_Task_.
Pictures excluded, reproduce exactly the lines below from the one with "кокаин перу Абдулино" through the one with "Альбом по развитию", both included.

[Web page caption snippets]
──────

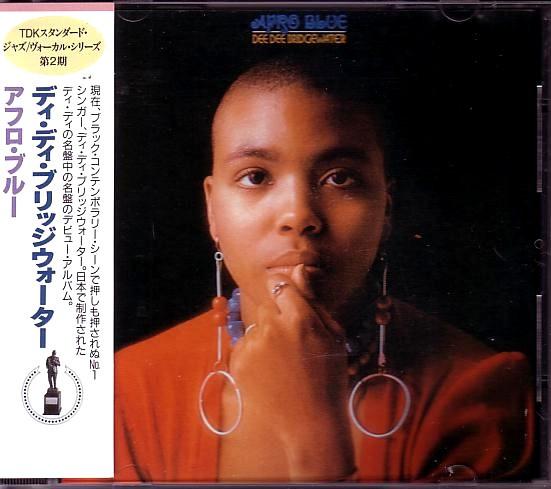 

CD DI DI BRIDGEWATER - afro blue TDCN5133 TDK! Records In 1994 Japan Jazz Used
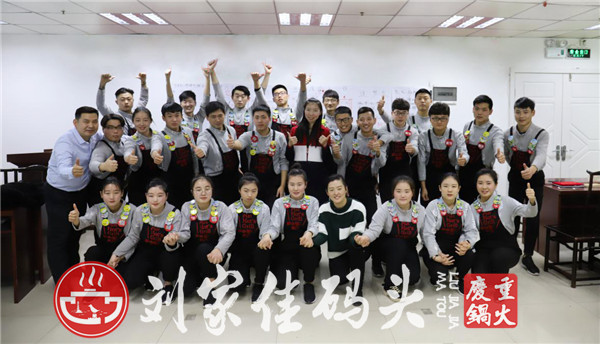 重庆<a href=/listinfo-22-0.html target=_blank class=infotextkey>火锅</a>店加盟什么好？2019加盟商青睐的<a href=/listinfo-22-0.html target=_blank class=infotextkey>火锅</a>品牌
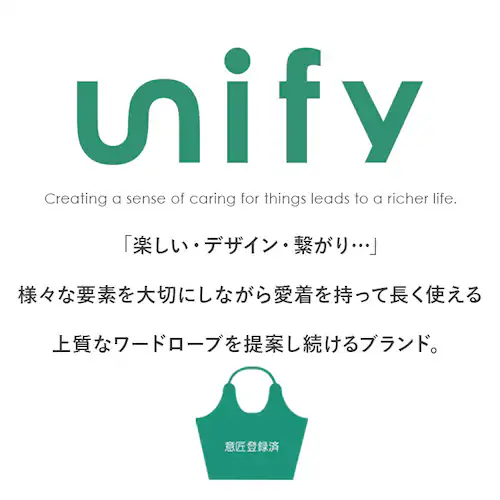 ハローキティ(ライトグレー) トートバッグ レディース 通販 サブバッグ エコバッグ サブバック子供 子ども 買い物バッグ トートバック 折り畳み コンパクト エンブロイトート マザーズバッグ マザー_9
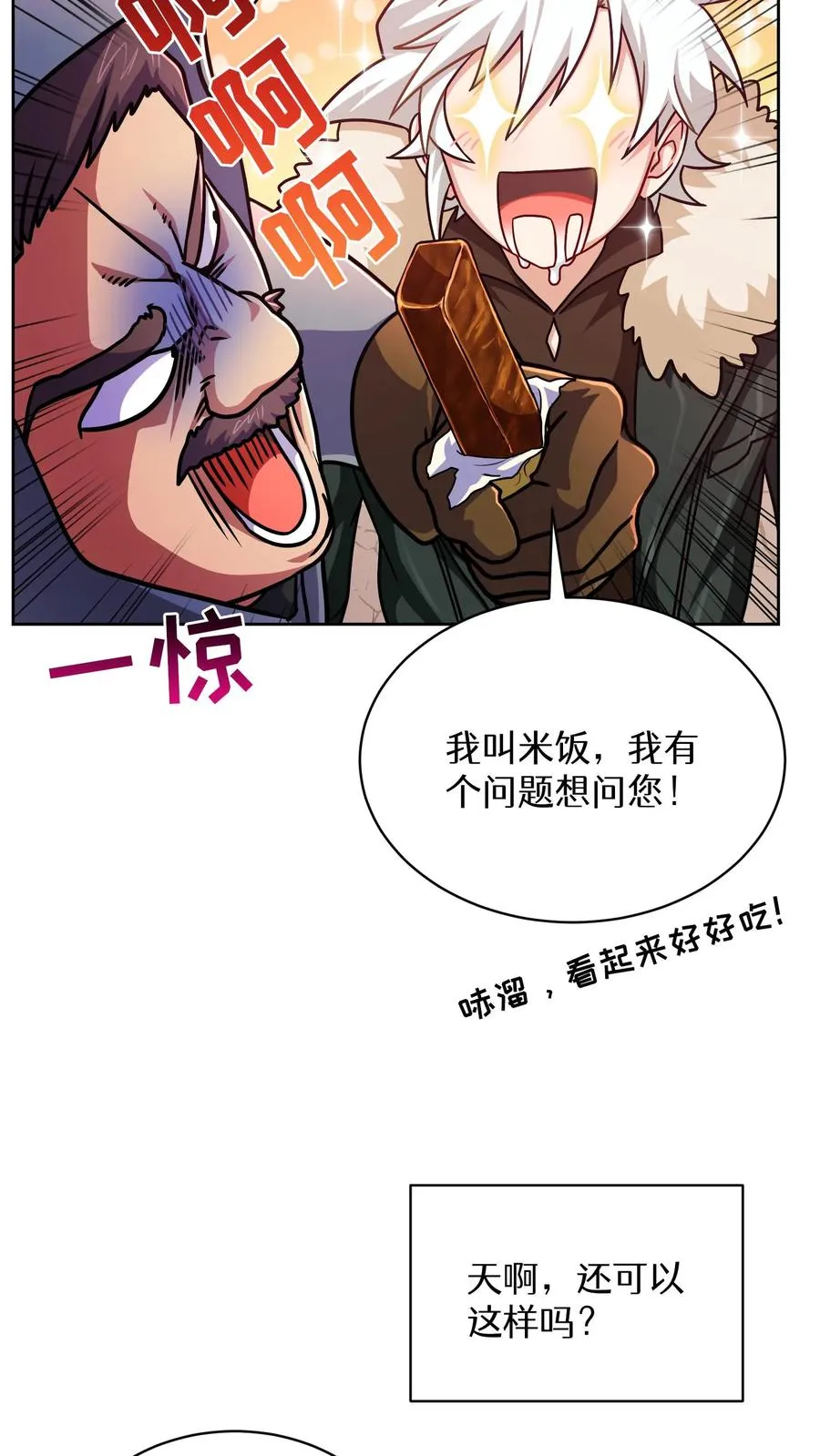 第86话43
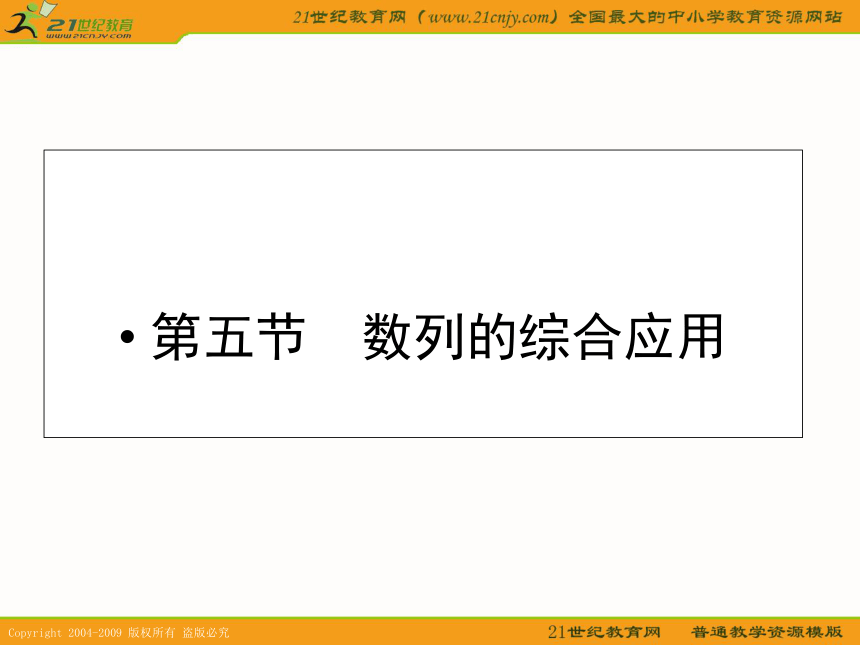 2011年高考数学第一轮复习各个知识点攻破3-5数列的综合应用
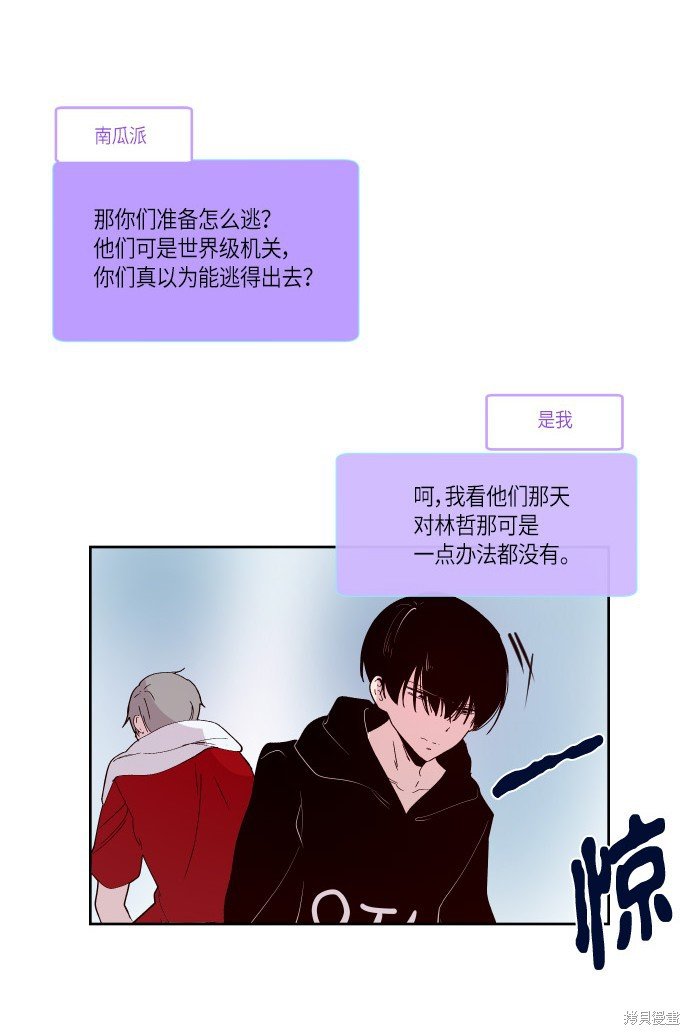 第169话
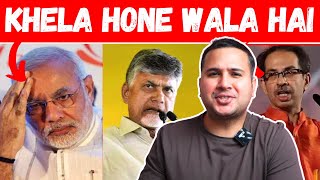 Modi Ke Sath Hone Wala Hai Khel [upl. by Rosenberg]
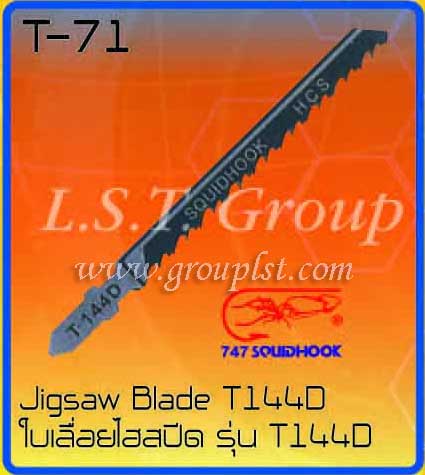 Jigsaw Blade T144D [Squidhook]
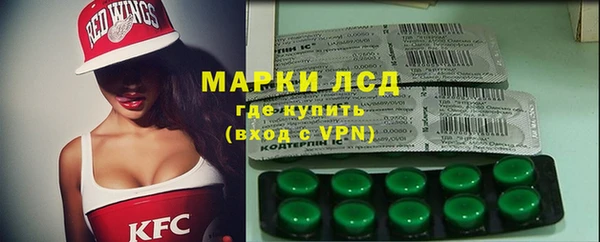 кокаин перу Абдулино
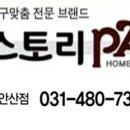 꽃내음3길 이미지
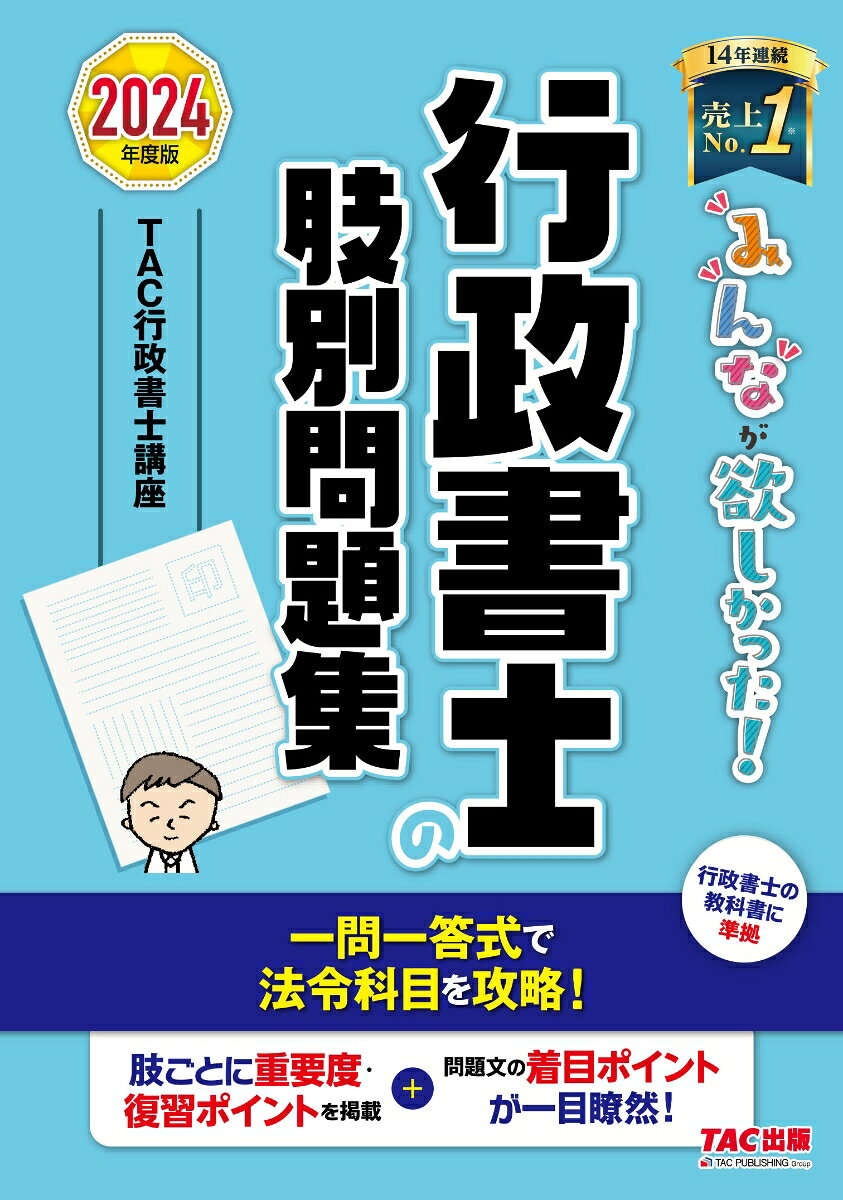 みんなが欲しかった!行政書士の肢別問題集. 2024年度版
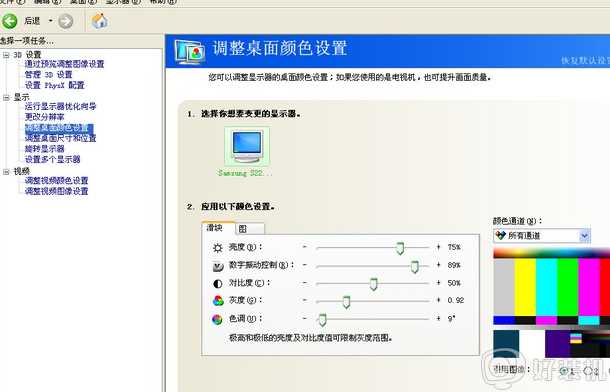 win7cf烟雾头如何调最清楚_win7cf烟雾头最新调法2020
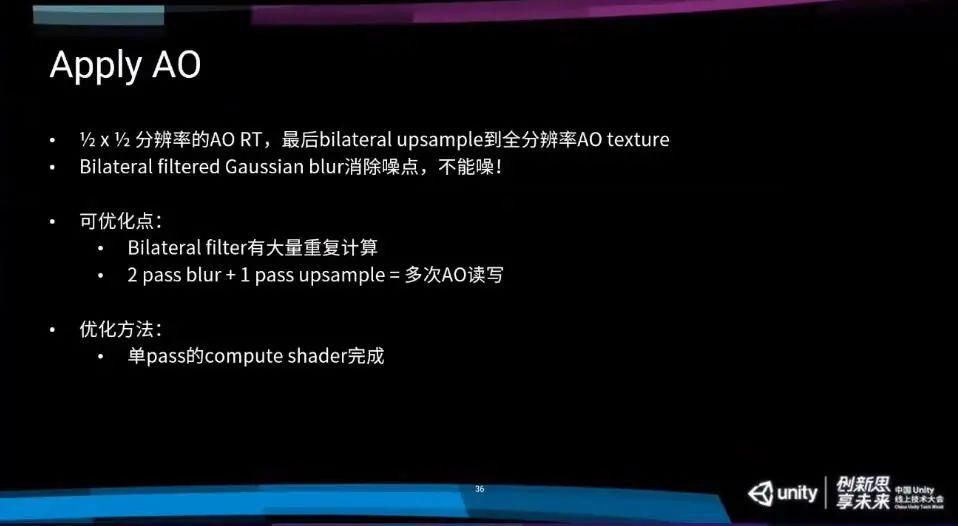 分享|米哈游技术总监：从手机走向主机，《原神》主机版渲染技术分享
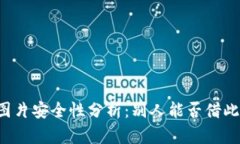tpWallet余额图片安全性分析：别人能否借此转走你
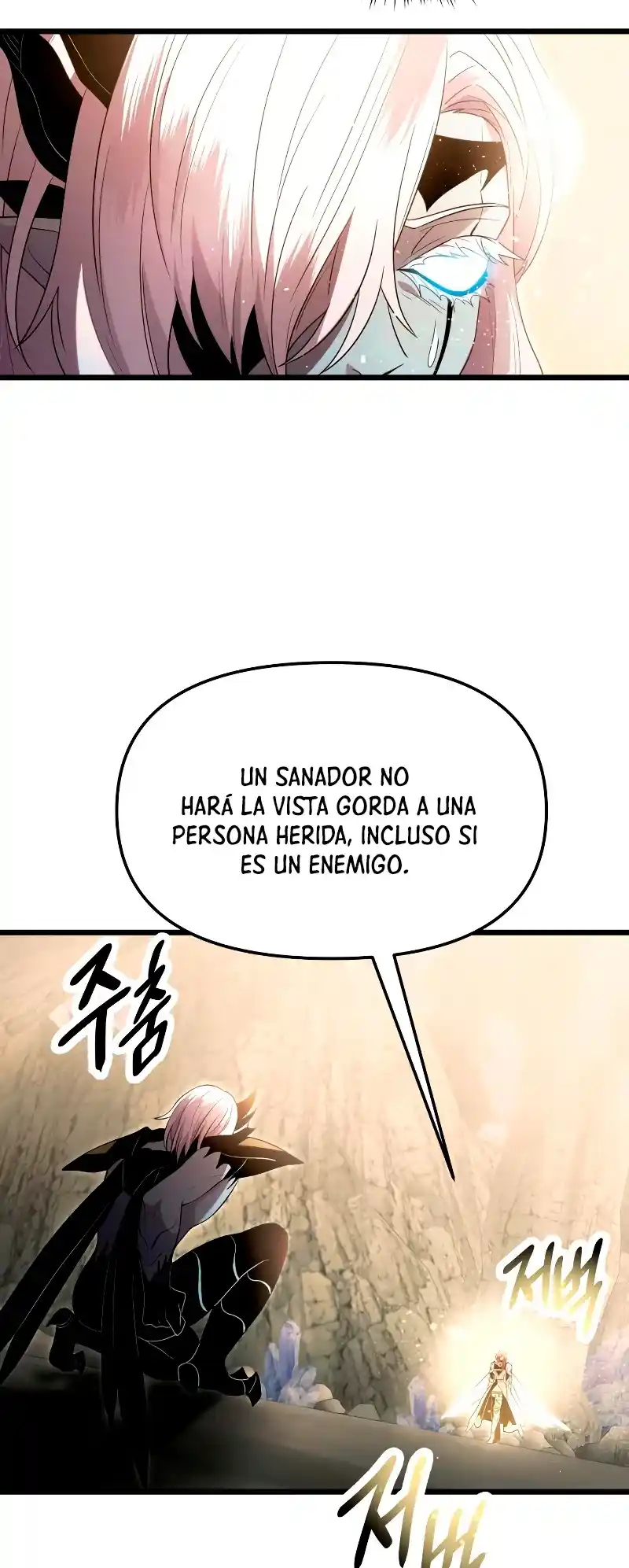 Obtuve Un Objeto Mítico - Capítulo 63 - Página 18 - LectorTMOo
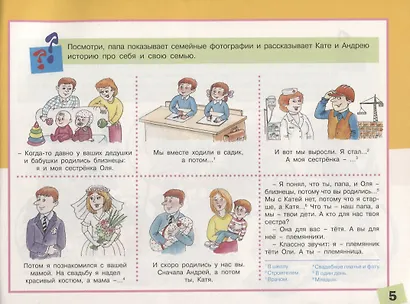 Альбом по развитию речи для будущих первоклассников - фото 2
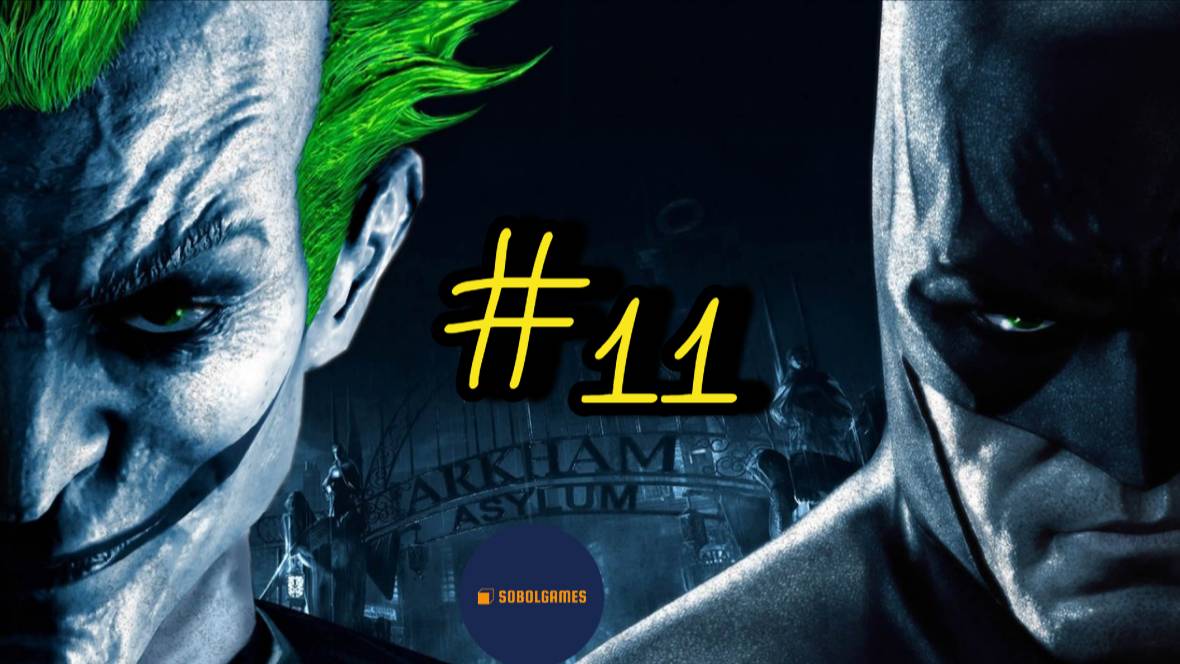 Прохождение Batman: Arkham Asylum (Часть #11)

──────

_Answer space_.
 кокаин перу Абдулино
 꽃내음3길 이미지
 みんなが欲しかった!行政書士の肢別問題集. 2024年度版
 win7cf烟雾头如何调最清楚_win7cf烟雾头最新调法2020
 分享|米哈游技术总监：从手机走向主机，《原神》主机版渲染技术分享
tpWallet余额图片安全性分析：别人能否借此转走你
 Obtuve Un Objeto Mítico - Capítulo 63 - Página 18 - LectorTMOo
 Альбом по развитию речи для будущих первоклассников - фото 2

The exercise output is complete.